─── Recorded information

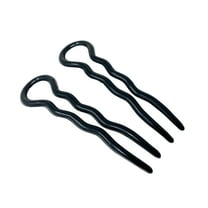 Parcelona French Sleek 3 1/2" Celluloid Wavy U Shaped Hair Pins for Women(2 Pcs)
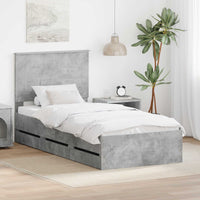 Struttura del letto con cassetto Grigio cemento 90 x 190 cm 3409499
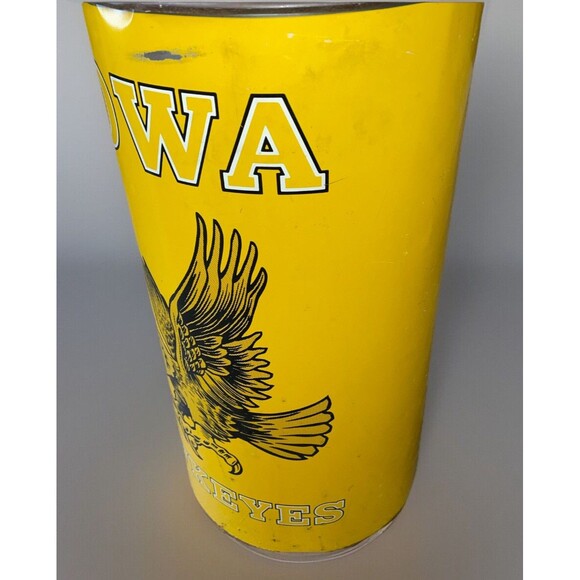 VTG Yellow/ Black Iowa Hawkeyes Tigerhawk Metal Tin Can Cylinder 19.5”x10” BIG10 - Picture 4 of 11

──────

● **Action item**
Please write every line above out exactly as given, except for any pictures.

● **Expected answer**
 Parcelona French Sleek 3 1/2" Celluloid Wavy U Shaped Hair Pins for Women(2 Pcs)
 Struttura del letto con cassetto Grigio cemento 90 x 190 cm 3409499
 VTG Yellow/ Black Iowa Hawkeyes Tigerhawk Metal Tin Can Cylinder 19.5”x10” BIG10 - Picture 4 of 11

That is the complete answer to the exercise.